:: Exercise description ::
Every word of the listing must be returned. Retype it exactly.

:: Collected data ::
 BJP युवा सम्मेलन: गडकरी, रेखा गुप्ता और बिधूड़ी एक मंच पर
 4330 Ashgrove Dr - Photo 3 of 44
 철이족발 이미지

:: Expected answer ::
 BJP युवा सम्मेलन: गडकरी, रेखा गुप्ता और बिधूड़ी एक मंच पर
 4330 Ashgrove Dr - Photo 3 of 44
 철이족발 이미지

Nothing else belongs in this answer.